Only an exact copy belongs in the answer: the line with "Esthetische Brow Styling & Lamination" and every line after it through the end of the records, pictures left out.

[Collected data]
++++++
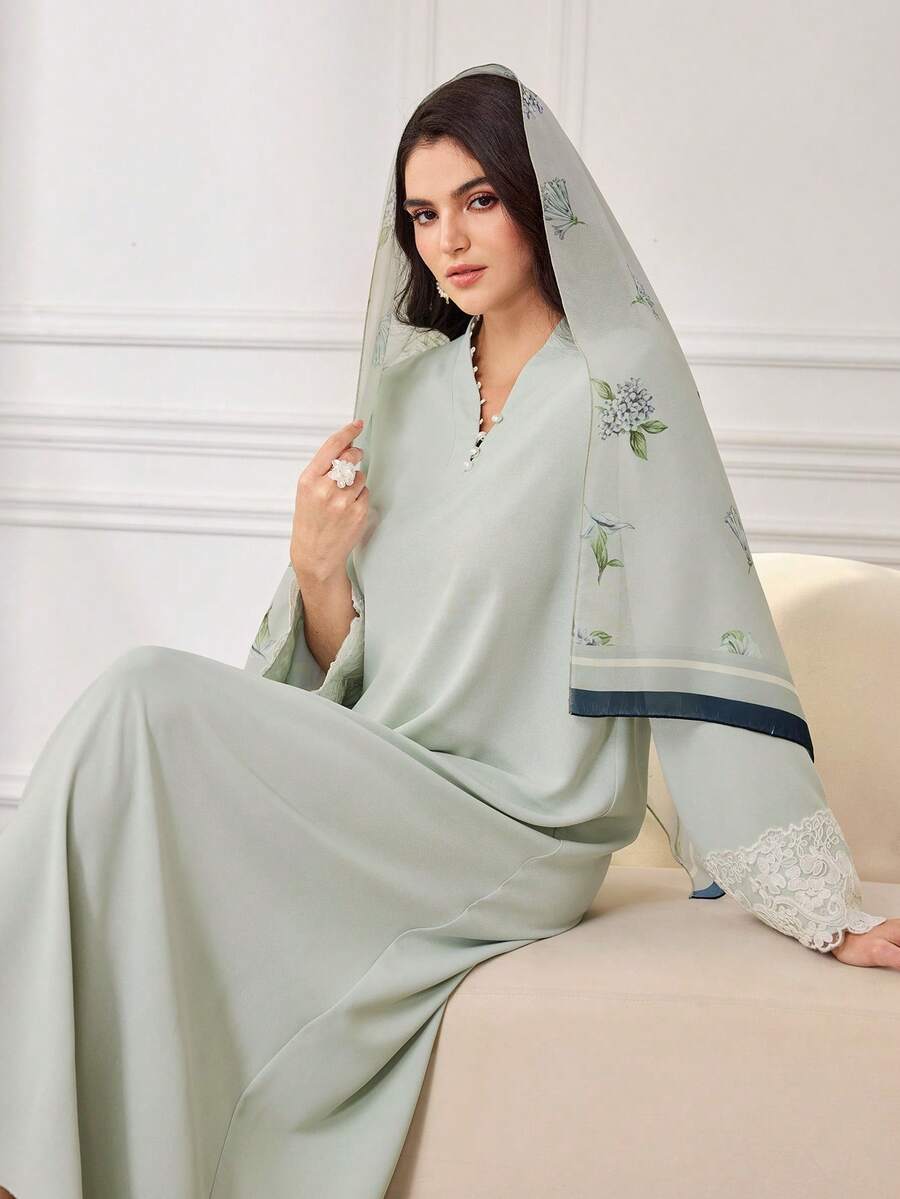 SHEIN Najma 女士优雅日常蕾丝袖口珍珠V领阿拉伯传统长裙，配同款刺绣花卉印花头巾 - 綠色 - 查看 1
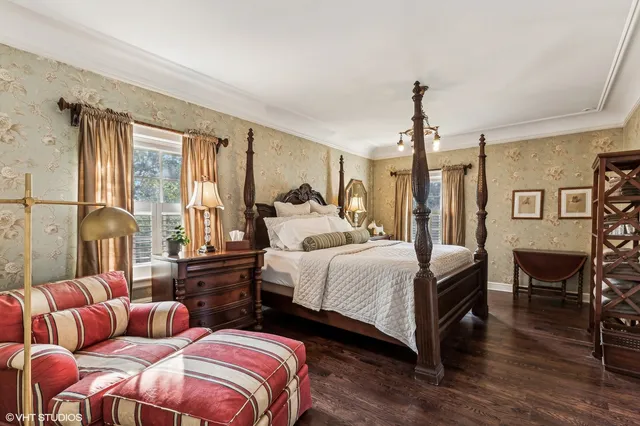 $2,699,000 | 2020 Knollwood Road, Lake Forest, IL 60045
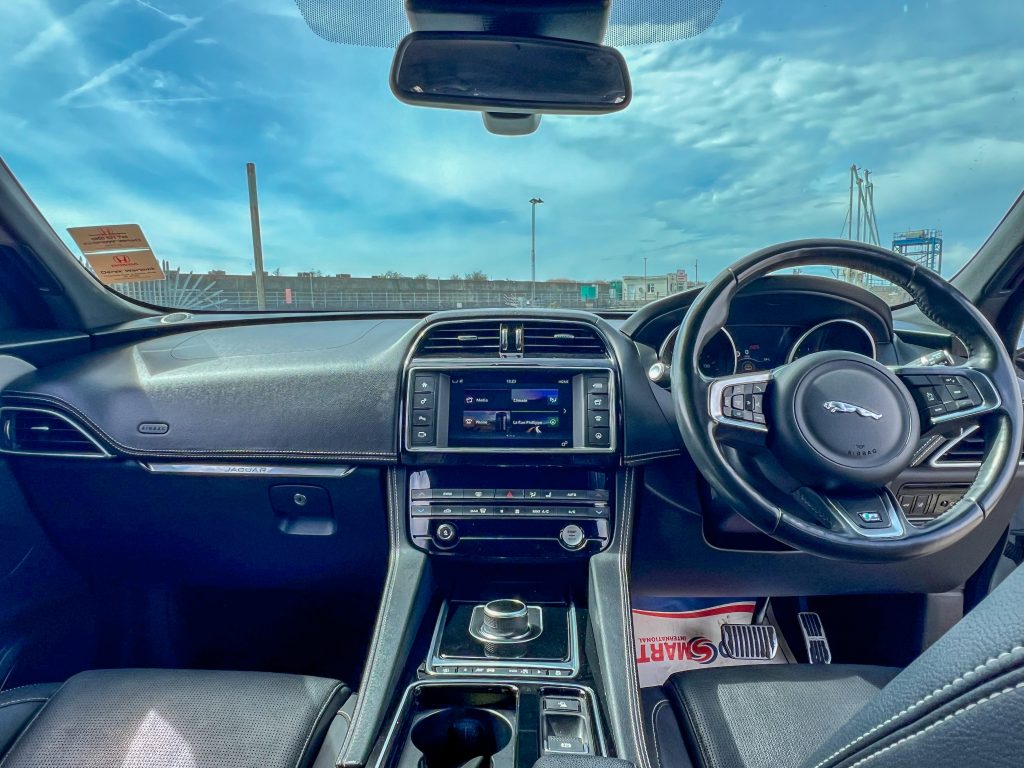 Jaguar F-Pace, image 6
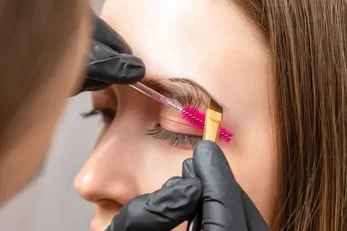 Esthetische Brow Styling & Lamination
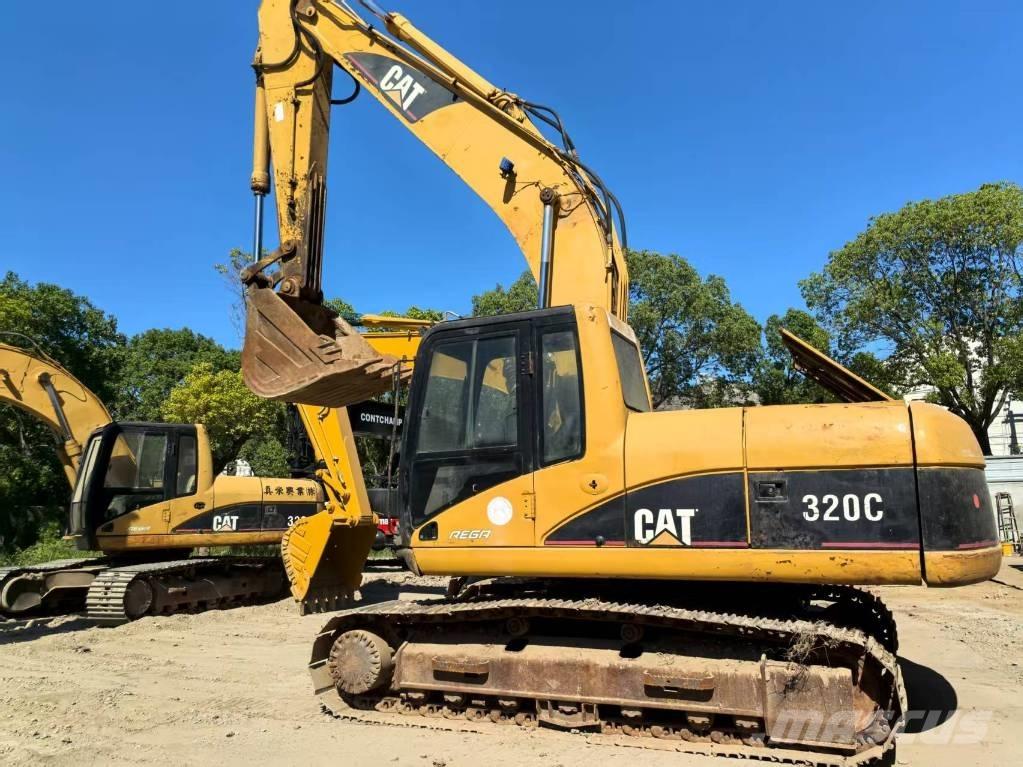 CAT 320C حفارات زحافة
++++++
EXPECTED ANSWER
 Esthetische Brow Styling & Lamination
 CAT 320C حفارات زحافة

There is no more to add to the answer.